# Data for this exercise

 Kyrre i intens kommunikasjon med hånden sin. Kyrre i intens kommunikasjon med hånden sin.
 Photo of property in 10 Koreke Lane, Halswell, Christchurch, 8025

--

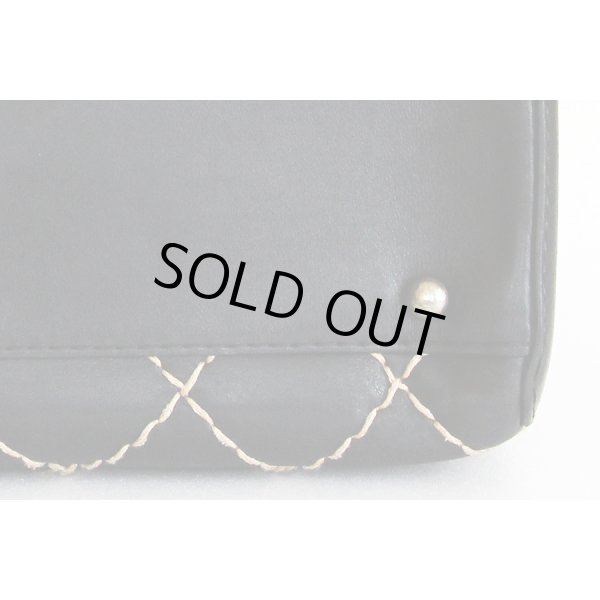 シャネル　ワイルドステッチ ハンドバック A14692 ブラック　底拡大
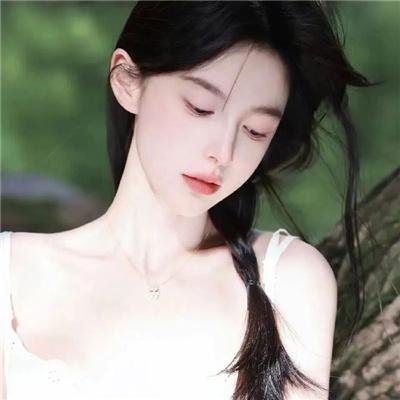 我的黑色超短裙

# How to complete this task
From the entries above, give again exactly the lines running from the line with "Kyrre i intens kommunikasjon med hånden sin. Kyrre" to the line with "Photo of property"; include both of those lines.

# Expected answer
 Kyrre i intens kommunikasjon med hånden sin. Kyrre i intens kommunikasjon med hånden sin.
 Photo of property in 10 Koreke Lane, Halswell, Christchurch, 8025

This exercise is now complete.